Le réchauffement climatique selon Philip K. Dick
Publié par Philippe Gargov dans Climat, Développement durable, Littérature, Tourisme, tags: Philip K. Dick /Et si le réchauffement climatique nous faisait préférer les plages du Groenland à celles de Copa Cabana ? C’est l’une des géniales théories de Transit City (Quand le froid nous manquera) et il parait que ça n’enthousiasme pas vraiment les professionnels du tourisme… allez comprendre.
« Ce qu’il n’avait jamais réussi à comprendre, c’est comment un homme qui passait le plus clair de ses jours sur les plages de l’Antarctique trouvait encore le temps d’établir des règles à propos de n’importe quoi.Un jour, se dit-il, je vivrais comme Leo Bulero [richissime magnat de la drogue] ; au lieu de croupir à New York, par une température de 80 degrés centigrades…Sous ses pieds le sol se mit à trépider. Le système réfrigérant de l’immeuble venait de se mettre en marche. Une autre journée commençait.A travers les vitres de la cuisine, le soleil brûlant et hostile prenait forme derrière les ensembles de conapts qui cachaient l’horizon. Il ferma les yeux pour se protéger de la réverbération. Encore une journée qui promettait. »

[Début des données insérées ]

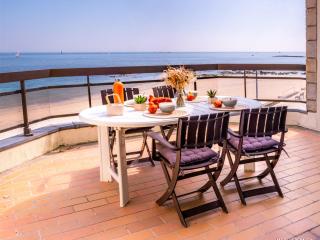 Larmor-Plage T4 Spacieux avec Terrasse, Ascenseur et Parking face à la Mer - FR-1-349-124 - Larmor-Plage - 0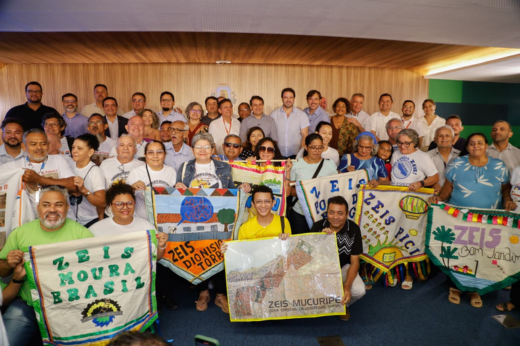 Imagem: Foto posada das autoridades com as lideranças comunitárias das Zeis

Philip K. Dick, Le Dieu venu du Centaure (1965), p. 13
Et plus loin : des New Yorkais qui rêvent de neige (« Des tempêtes de neige, si l’on pouvait encore croire à de pareilles choses… dire qu’il y avait des endroits où il faisait froid », p. 20), une loi obligeant les citoyens à porter des blocs réfrigérants sur le dos, des vinyles qui se liquéfient lors d’une grande chaleur historique, une ville qui vit au rythme de la chaleur extrême (« Il y avait longtemps que les facteurs ne se risquaient plus dehors en plein jour », p.14)…
Espérons pour nous qu’il ne s’agit que de science-fiction. Malheureusement, cela semble devenir réalité. Sans mauvais jeu de mot (enfin, un peu), ça fait froid dans le dos.